L’intégration mise en œuvre dans le combo Bel Canto Black permet ainsi d’éliminer au maximum les éléments perturbateurs ou non indispensables venant altérer l’intégrité du signal numérique (voire analogique) original.

 

J’ai aussi eu la chance d’héberger chez moi pendant deux semaines, grâce à la courtoisie du distributeur français de la marque, Audio Focus, ce système d’exception.

 

 

 

 

Mais abandonnons-là les considérations d’ordre général ou contextuel pour regarder de plus près ce dont est composé le système Bel Canto Black.

 

Le système regroupe un contrôleur numérique faisant office de préampli (numérique) et lecteur réseau ASC1 (Asynchronous Stream Controller), ainsi que deux blocs monophoniques numériques MPS1 (Mono Block PowerStream). Et même si le qualificatif « numérique » vous fait d’habitude prendre vos jambes à votre cou, je vous conseillerais d’oublier vos craintes pour considérer ces appareils sans préjugés…

 

En effet, le contrôleur ASC1 est d’une conception assez unique puisqu’il regroupe en son sein des entrées numériques asynchrones Ethernet, AES/SPDIF ou encore USB, des horloges maîtres à très faible bruit de phase (inférieur à 35 femto-secondes RMS sur l’intervalle 100 Hz – 1 MHz, ce qui est de l’ordre de 100 à 1000 fois moins que les performances standard constatées en moyenne), une entrée ligne analogique numérisée au format 24 bit / 192 kHz, ainsi que des entrées et sorties optiques ST, tout cela étant agencé dans un circuit ultra-court.

 

Toutes les entrées numériques sont isolées du châssis afin d’assurer une complète insensibilité aux éventuelles boucles de masse ou parasitage venant des étages d’alimentation.
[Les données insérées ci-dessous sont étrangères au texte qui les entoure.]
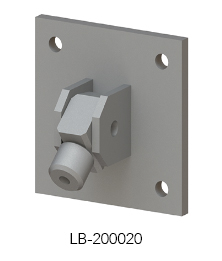 Wall connection MATO TOBLER İSKELE VE KALIP A.Ş.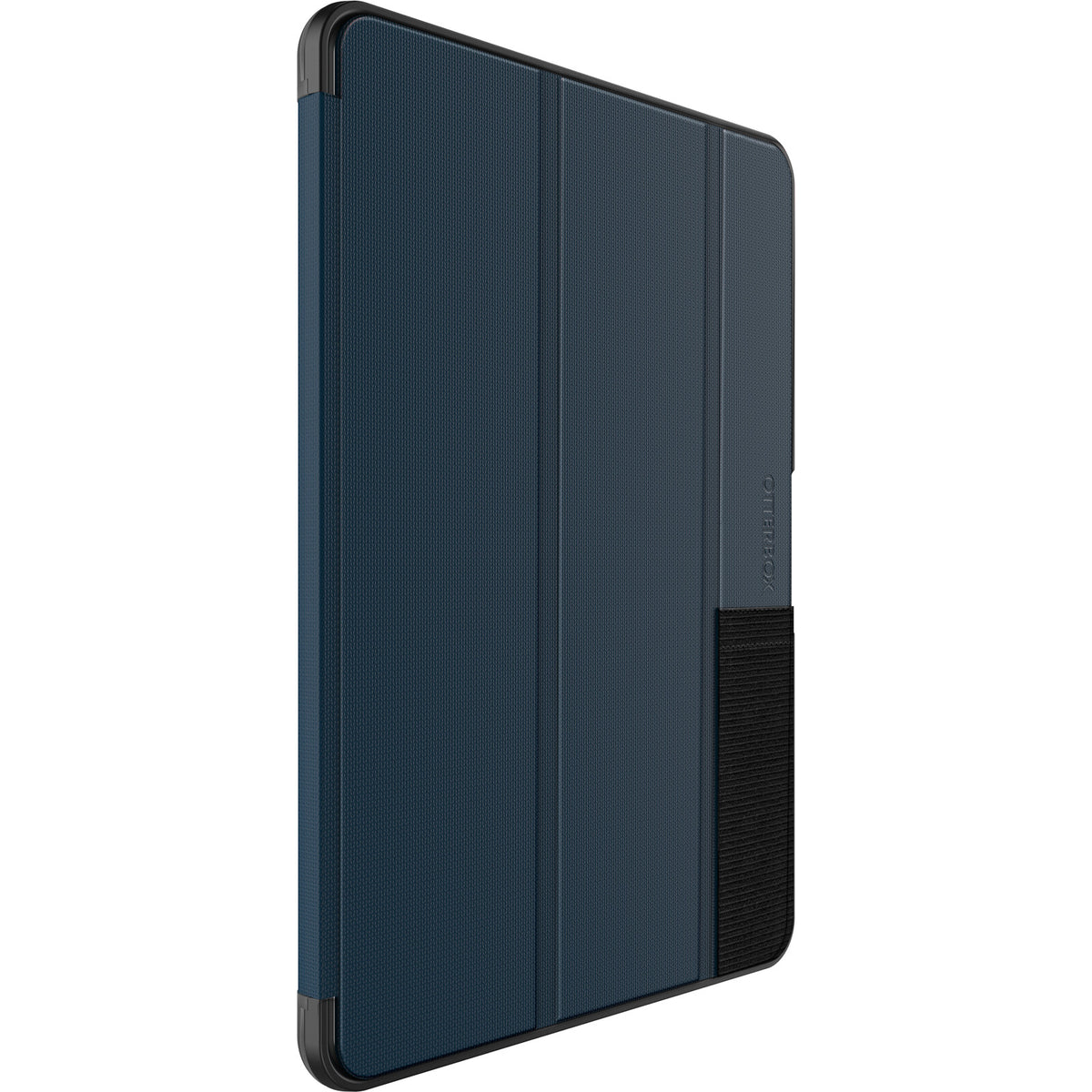 OtterBox Symmetry Folio Case for 10.2&quot; iPad in Blue - No Packaging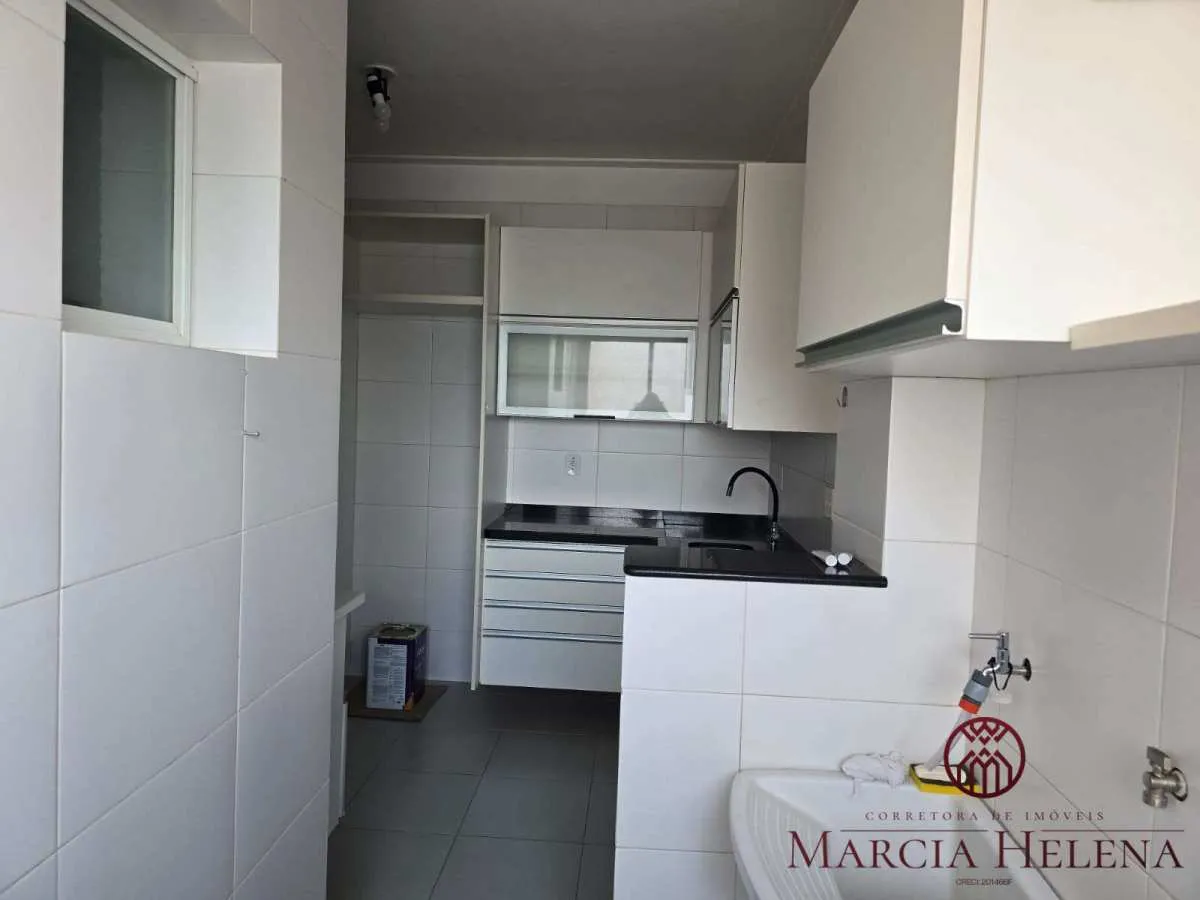 Imagem Apartamento à venda, no Residencial Porto Rico em Paulínia, Santa Terezinha, com 3 quartos, 94m2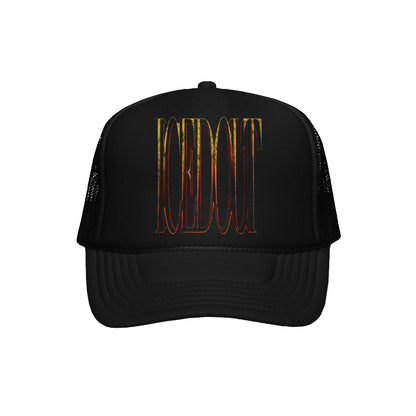 KŠILTOVKA „MAGMA“ (BLACK)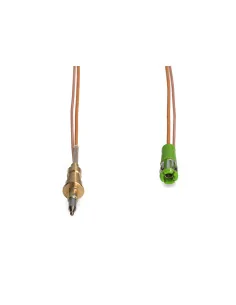 Termocupla plita aragaz Electrolux / Zanussi - ZCG556GW1 2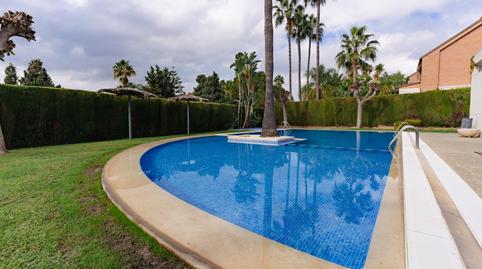 Foto 2 de Casa adosada en venda a  Oasis Mas Camarena, Mas Camarena, Valencia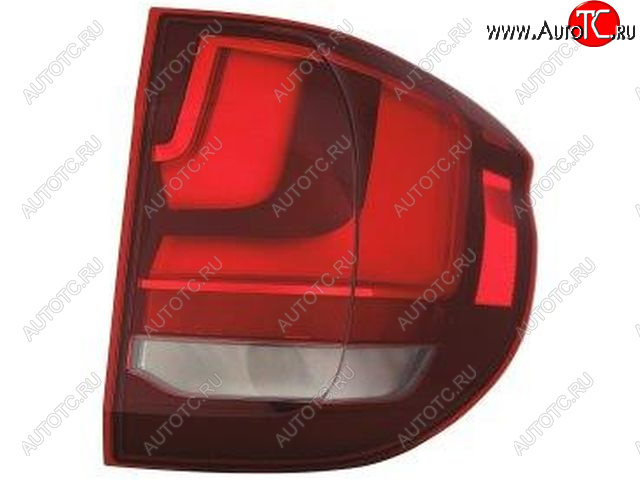 14 999 р. Правый фонарь (диодный) DEPO  BMW X5  F15 (2013-2018)  с доставкой в г. Керчь
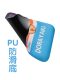 Computer Keyboard Hand Rest Memory Foam Dorayaki Wrist Guard Comfortable Wrist Rest Hand Rest Wrist Pad Girls Hand Pillow Pad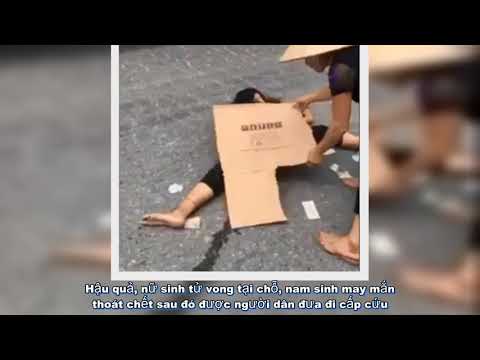 Gặp tai nạn giao thông đúng ngày giỗ mẹ, hai anh em thương vong
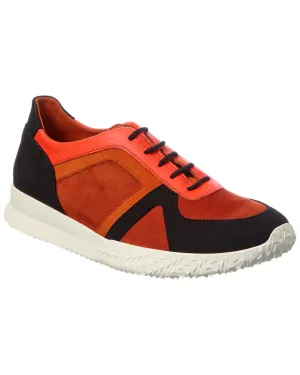 Arche Andzao Leather Sneaker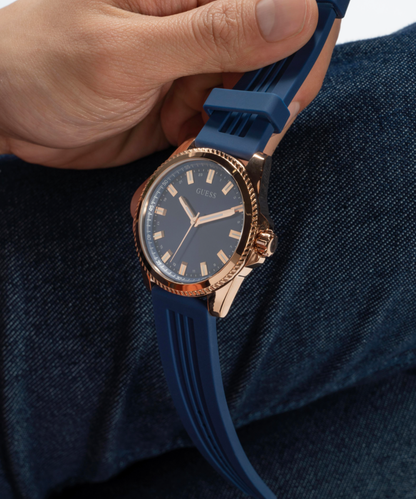 GUESS Mens WATCH GW0639G3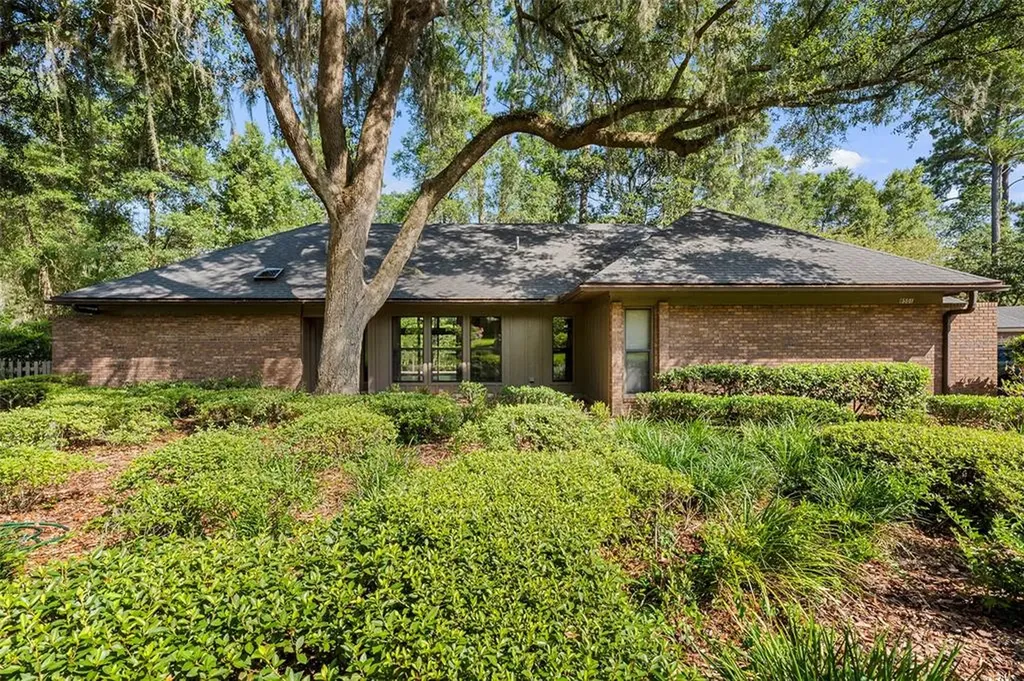 8501 SW 52nd Place Gainesville FL 32608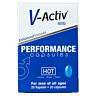 Kapselit HOT V-ACTIV MAN - Miehen energiaa tukevat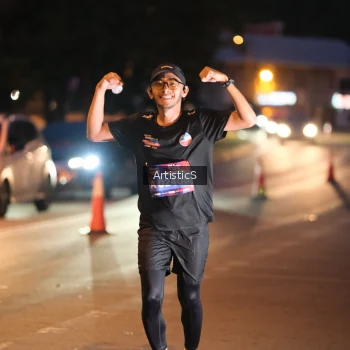 Runner Photo 3829497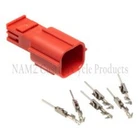 Namz N-obd-ii Connector Kit 6-POSITION New. Price: $21.95.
Les horloges maîtres affichent également un plancher de bruit étonnement bas (-170 dB).

 

Le processeur de signal numérique (DSP) 64 bit cadencé à 500 MHz assure une parfaite gestion des traitements du signal, à savoir la balance et gestion du volume 32 bit, la sélection des entrées ainsi que les 3 filtres FIR propriétaires et débrayables. Ces filtres se sont avérés par ailleurs peu utiles à mon goût sur l’entrée principale de type Ethernet en lisant des fichiers haute définition, mais peuvent être exploités avec davantage de bonheur en lecture CD ou avec des fichiers au standard red book (44.1 kHz) en gommant les petites duretés numériques inhérentes au support, et permettant ainsi de retrouver les extensions de notes ainsi que la douceur si chère aux amoureux des disques noirs…

 

Détail qui a son importance également, l’afficheur du contrôleur ASC1 est d’une lisibilité telle qu’on peut rester tranquillement à plus de trois mètres, confortablement installé dans son fauteuil, sans avoir besoin de se lever pour lire les informations affichées par l’appareil. C’est en tout cas une caractéristique assez rare pour être soulignée.